Iterate over the metadata format information, yielding key-value pairs.

Source code in src/oaipmh_scythe/models.py
def __iter__(self) -> Iterator:
    """Iterate over the metadata format information, yielding key-value pairs."""
    return iter(self._mdf_dict.items())

OAIItem

A base class representing a generic item in the OAI-PMH protocol.

This class provides a common structure for handling and manipulating XML data associated with different types of OAI-PMH items, such as records, headers, or sets.

Attributes:

Name Type Description
xml

The parsed XML element representing the OAI item.

_strip_ns

A flag indicating whether to remove the namespaces from the element names in the dictionary representation.

_oai_namespace

The namespace URI extracted from the XML element.

Source code in src/oaipmh_scythe/models.py
class OAIItem:
    """A base class representing a generic item in the OAI-PMH protocol.

    This class provides a common structure for handling and manipulating XML data
    associated with different types of OAI-PMH items, such as records, headers, or sets.

    Attributes:
        xml: The parsed XML element representing the OAI item.
        _strip_ns: A flag indicating whether to remove the namespaces from the element names
            in the dictionary representation.
        _oai_namespace: The namespace URI extracted from the XML element.
    """

    def __init__(self, xml: etree._Element, strip_ns: bool = True) -> None:
        super().__init__()
        self.xml = xml
        self._strip_ns = strip_ns
        self._oai_namespace = get_namespace(self.xml)

    def __bytes__(self) -> bytes:
        return etree.tostring(self.xml, encoding="utf-8")

    def __str__(self) -> str:
        return etree.tostring(self.xml, encoding="unicode")

    @property
    def raw(self) -> str:
        """Return the original XML as a unicode string."""
        return etree.tostring(self.xml, encoding="unicode")

raw: str property

Return the original XML as a unicode string.

Record

Bases: OAIItem

A class representing an OAI record in the OAI-PMH protocol.

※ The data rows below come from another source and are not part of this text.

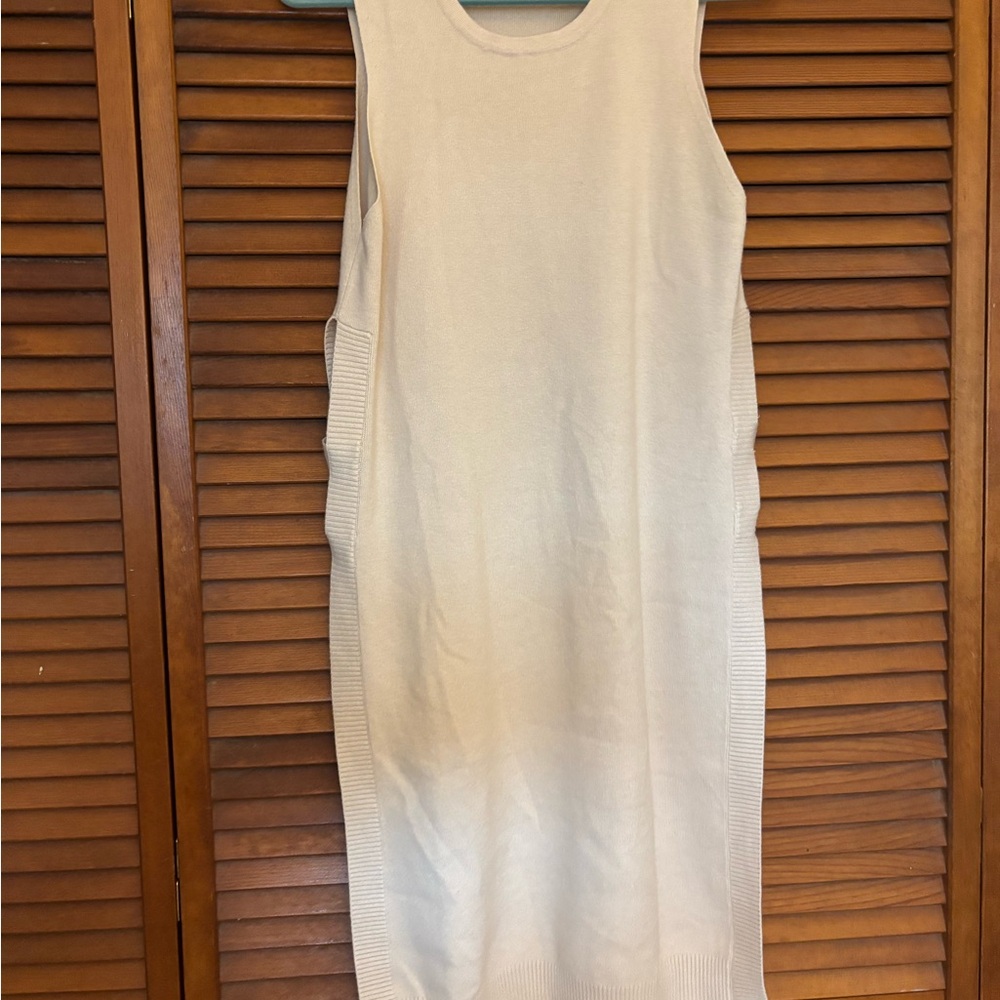 Elegant Sleeveless Cream Midi Dress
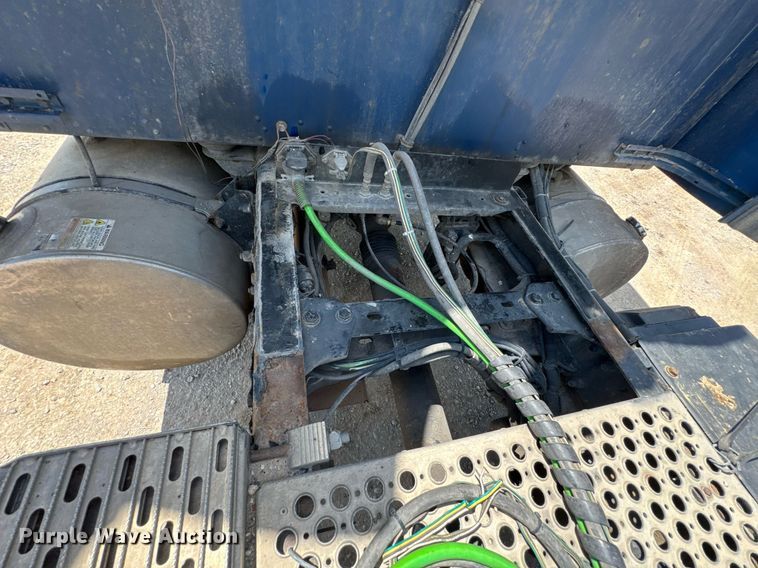 image for item DU9064 2014 Kenworth T660 semi truck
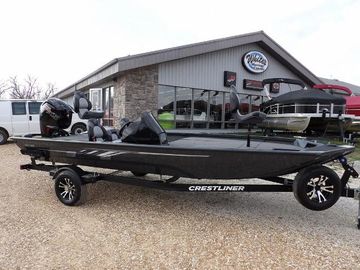 2025 Crestliner XFC 189
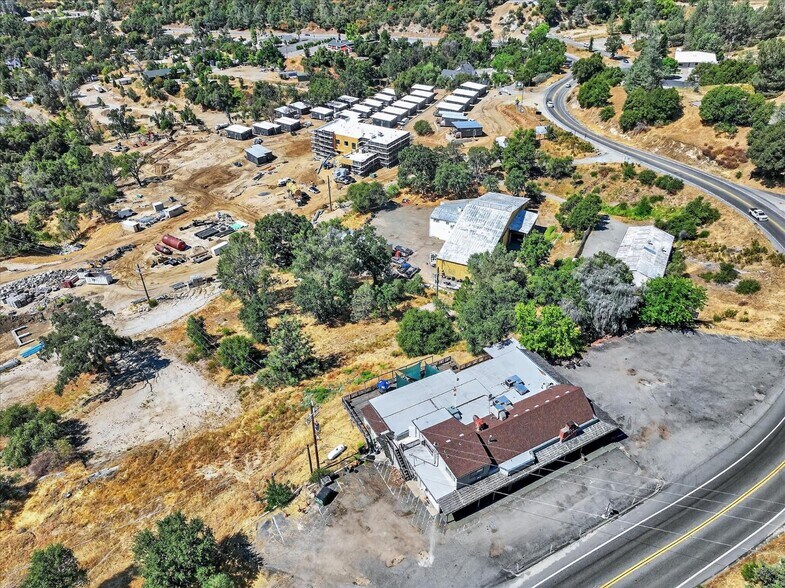 More Photos Of 42155 Highway 41, Oakhurst Restaurant For Sale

This class encapsulates a record element from an OAI-PMH response, handling its parsing, and providing structured access to its details, such as header information and metadata. It checks for the presence of the header and metadata elements and raises an error if the header is not found.

Parameters:

Name Type Description Default
record_element _Element

The XML element representing the OAI record.

required
strip_ns bool

If True, namespaces are removed from the element names in the parsed metadata. Defaults to True.

True

Attributes:

Name Type Description
header

An instance of the Header class representing the header information of the record.

deleted

Indicates whether the record is marked as deleted.

metadata

A dictionary representation of the record's metadata, if available and not deleted.

Raises:

Type Description
ValueError

If the header element is not found in the provided XML.

Source code in src/oaipmh_scythe/models.py
class Record(OAIItem):
    """A class representing an OAI record in the OAI-PMH protocol.

    This class encapsulates a record element from an OAI-PMH response, handling its parsing, and providing
    structured access to its details, such as header information and metadata. It checks for the presence of
    the header and metadata elements and raises an error if the header is not found.

    Args:
        record_element: The XML element representing the OAI record.
        strip_ns: If True, namespaces are removed from the element names in the parsed metadata. Defaults to True.

    Attributes:
        header: An instance of the Header class representing the header information of the record.
        deleted: Indicates whether the record is marked as deleted.
        metadata: A dictionary representation of the record's metadata, if available and not deleted.

    Raises:
        ValueError: If the header element is not found in the provided XML.
    """

    def __init__(self, record_element: etree._Element, strip_ns: bool = True) -> None:
        super().__init__(record_element, strip_ns=strip_ns)
        header_element = self.xml.find(f".//{self._oai_namespace}header")
        if header_element is None:
            raise ValueError("Header element not found in the XML.")
        self.header = Header(header_element)
        self.deleted = self.header.deleted
        if not self.deleted:
            self.metadata = self.get_metadata()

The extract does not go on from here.